◆ Exercise brief: Please copy out the entries below exactly, beginning with the line that contains "The snake Chilabothrus" and ending with the line that contains "木彫 珍品　恐竜 イリテーター(イリタトール) 頭骨模型　14cm", and include nothing outside that span.
Records for this exercise section start
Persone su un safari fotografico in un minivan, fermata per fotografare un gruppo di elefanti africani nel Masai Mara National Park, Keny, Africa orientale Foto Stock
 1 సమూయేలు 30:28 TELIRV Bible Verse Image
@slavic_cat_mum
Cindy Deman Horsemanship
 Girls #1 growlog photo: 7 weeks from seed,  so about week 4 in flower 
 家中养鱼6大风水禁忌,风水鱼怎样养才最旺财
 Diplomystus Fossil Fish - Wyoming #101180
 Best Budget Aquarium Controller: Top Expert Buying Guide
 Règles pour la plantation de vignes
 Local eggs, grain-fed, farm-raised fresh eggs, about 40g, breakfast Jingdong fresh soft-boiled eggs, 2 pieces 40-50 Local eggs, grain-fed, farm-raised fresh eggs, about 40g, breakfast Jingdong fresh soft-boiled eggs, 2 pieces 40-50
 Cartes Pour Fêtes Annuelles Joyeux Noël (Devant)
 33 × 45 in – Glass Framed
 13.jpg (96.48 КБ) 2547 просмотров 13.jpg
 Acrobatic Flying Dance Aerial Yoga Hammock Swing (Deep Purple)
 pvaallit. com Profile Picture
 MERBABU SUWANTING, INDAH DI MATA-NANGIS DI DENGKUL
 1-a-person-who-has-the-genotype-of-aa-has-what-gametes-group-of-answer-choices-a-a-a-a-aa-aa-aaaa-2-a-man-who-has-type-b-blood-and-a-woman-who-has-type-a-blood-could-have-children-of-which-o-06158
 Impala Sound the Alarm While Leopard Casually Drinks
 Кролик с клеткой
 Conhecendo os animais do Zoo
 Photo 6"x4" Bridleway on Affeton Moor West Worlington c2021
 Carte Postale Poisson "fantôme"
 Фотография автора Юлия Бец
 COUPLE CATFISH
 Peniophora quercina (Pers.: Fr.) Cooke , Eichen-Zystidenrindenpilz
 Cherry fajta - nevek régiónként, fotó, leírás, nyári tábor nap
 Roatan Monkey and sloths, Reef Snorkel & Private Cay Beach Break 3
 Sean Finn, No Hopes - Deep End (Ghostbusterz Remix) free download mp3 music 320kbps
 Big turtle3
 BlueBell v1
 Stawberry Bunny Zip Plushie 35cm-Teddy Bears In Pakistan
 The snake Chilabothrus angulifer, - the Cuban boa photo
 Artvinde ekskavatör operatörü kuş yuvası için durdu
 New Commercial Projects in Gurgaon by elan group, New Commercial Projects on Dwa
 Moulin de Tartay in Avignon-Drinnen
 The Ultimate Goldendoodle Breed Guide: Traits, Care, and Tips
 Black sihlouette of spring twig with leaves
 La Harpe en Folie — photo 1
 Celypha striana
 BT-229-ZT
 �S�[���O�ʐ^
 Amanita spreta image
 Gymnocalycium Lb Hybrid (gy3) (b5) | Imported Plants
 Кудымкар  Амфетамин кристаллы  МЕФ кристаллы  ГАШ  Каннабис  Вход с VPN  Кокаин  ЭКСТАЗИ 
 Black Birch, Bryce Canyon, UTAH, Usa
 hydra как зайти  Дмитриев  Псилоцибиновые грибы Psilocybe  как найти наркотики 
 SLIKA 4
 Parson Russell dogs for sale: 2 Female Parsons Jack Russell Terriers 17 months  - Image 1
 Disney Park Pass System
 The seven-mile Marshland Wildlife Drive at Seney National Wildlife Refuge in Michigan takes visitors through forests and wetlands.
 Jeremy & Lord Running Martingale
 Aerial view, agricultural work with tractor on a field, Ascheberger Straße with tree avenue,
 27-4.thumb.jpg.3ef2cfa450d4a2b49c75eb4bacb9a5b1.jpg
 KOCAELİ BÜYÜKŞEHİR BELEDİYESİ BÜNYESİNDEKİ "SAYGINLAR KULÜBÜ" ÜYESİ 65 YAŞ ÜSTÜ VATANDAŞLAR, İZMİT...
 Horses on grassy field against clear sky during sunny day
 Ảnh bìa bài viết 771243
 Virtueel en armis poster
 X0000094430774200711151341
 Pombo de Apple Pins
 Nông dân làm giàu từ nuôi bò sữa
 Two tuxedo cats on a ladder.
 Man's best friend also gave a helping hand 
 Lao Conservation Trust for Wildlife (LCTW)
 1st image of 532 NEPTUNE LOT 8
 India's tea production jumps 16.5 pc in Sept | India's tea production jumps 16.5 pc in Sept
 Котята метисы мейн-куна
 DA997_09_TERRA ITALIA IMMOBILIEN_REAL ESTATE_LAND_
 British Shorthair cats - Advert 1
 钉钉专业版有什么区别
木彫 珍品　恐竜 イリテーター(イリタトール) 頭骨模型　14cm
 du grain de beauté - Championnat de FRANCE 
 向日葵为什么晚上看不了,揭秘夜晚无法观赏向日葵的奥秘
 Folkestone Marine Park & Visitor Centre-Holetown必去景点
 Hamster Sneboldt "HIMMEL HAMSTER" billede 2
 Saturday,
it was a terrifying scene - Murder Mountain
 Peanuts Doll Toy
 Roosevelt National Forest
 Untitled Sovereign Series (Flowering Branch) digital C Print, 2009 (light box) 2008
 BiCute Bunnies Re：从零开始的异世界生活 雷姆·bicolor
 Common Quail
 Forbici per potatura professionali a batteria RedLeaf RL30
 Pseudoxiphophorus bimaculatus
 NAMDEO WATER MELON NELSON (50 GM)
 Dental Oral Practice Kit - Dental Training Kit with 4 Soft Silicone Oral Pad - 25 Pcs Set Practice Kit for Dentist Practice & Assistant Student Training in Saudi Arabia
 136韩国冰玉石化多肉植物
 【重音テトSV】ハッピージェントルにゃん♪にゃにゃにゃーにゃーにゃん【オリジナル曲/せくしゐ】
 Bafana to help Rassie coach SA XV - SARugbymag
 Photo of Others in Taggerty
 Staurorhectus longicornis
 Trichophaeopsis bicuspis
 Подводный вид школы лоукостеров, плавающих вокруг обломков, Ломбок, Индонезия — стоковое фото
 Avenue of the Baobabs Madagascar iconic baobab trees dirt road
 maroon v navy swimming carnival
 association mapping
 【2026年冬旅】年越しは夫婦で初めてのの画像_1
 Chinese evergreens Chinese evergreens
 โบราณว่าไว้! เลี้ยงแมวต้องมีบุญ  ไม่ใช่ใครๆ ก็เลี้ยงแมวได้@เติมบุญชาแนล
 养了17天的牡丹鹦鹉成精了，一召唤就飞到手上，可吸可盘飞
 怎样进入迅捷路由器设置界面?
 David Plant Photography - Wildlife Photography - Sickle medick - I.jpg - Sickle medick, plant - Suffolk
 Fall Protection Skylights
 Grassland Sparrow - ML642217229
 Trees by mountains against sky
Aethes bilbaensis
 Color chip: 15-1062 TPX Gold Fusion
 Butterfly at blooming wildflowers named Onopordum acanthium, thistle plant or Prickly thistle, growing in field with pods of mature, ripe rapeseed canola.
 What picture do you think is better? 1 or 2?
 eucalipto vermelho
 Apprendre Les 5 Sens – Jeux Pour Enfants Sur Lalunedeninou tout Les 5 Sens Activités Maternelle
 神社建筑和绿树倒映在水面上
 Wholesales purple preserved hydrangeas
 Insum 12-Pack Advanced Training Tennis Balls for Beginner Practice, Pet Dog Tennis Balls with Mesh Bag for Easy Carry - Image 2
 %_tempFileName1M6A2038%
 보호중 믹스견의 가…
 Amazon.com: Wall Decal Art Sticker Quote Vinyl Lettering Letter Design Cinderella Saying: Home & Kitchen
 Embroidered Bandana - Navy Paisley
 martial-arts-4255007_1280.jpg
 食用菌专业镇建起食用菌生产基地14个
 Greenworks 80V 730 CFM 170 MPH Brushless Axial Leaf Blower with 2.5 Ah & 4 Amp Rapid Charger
Records for this exercise section end
◆ Solution below:
 The snake Chilabothrus angulifer, - the Cuban boa photo
 Artvinde ekskavatör operatörü kuş yuvası için durdu
 New Commercial Projects in Gurgaon by elan group, New Commercial Projects on Dwa
 Moulin de Tartay in Avignon-Drinnen
 The Ultimate Goldendoodle Breed Guide: Traits, Care, and Tips
 Black sihlouette of spring twig with leaves
 La Harpe en Folie — photo 1
 Celypha striana
 BT-229-ZT
 �S�[���O�ʐ^
 Amanita spreta image
 Gymnocalycium Lb Hybrid (gy3) (b5) | Imported Plants
 Кудымкар  Амфетамин кристаллы  МЕФ кристаллы  ГАШ  Каннабис  Вход с VPN  Кокаин  ЭКСТАЗИ 
 Black Birch, Bryce Canyon, UTAH, Usa
 hydra как зайти  Дмитриев  Псилоцибиновые грибы Psilocybe  как найти наркотики 
 SLIKA 4
 Parson Russell dogs for sale: 2 Female Parsons Jack Russell Terriers 17 months  - Image 1
 Disney Park Pass System
 The seven-mile Marshland Wildlife Drive at Seney National Wildlife Refuge in Michigan takes visitors through forests and wetlands.
 Jeremy & Lord Running Martingale
 Aerial view, agricultural work with tractor on a field, Ascheberger Straße with tree avenue,
 27-4.thumb.jpg.3ef2cfa450d4a2b49c75eb4bacb9a5b1.jpg
 KOCAELİ BÜYÜKŞEHİR BELEDİYESİ BÜNYESİNDEKİ "SAYGINLAR KULÜBÜ" ÜYESİ 65 YAŞ ÜSTÜ VATANDAŞLAR, İZMİT...
 Horses on grassy field against clear sky during sunny day
 Ảnh bìa bài viết 771243
 Virtueel en armis poster
 X0000094430774200711151341
 Pombo de Apple Pins
 Nông dân làm giàu từ nuôi bò sữa
 Two tuxedo cats on a ladder.
 Man's best friend also gave a helping hand 
 Lao Conservation Trust for Wildlife (LCTW)
 1st image of 532 NEPTUNE LOT 8
 India's tea production jumps 16.5 pc in Sept | India's tea production jumps 16.5 pc in Sept
 Котята метисы мейн-куна
 DA997_09_TERRA ITALIA IMMOBILIEN_REAL ESTATE_LAND_
 British Shorthair cats - Advert 1
 钉钉专业版有什么区别
木彫 珍品　恐竜 イリテーター(イリタトール) 頭骨模型　14cm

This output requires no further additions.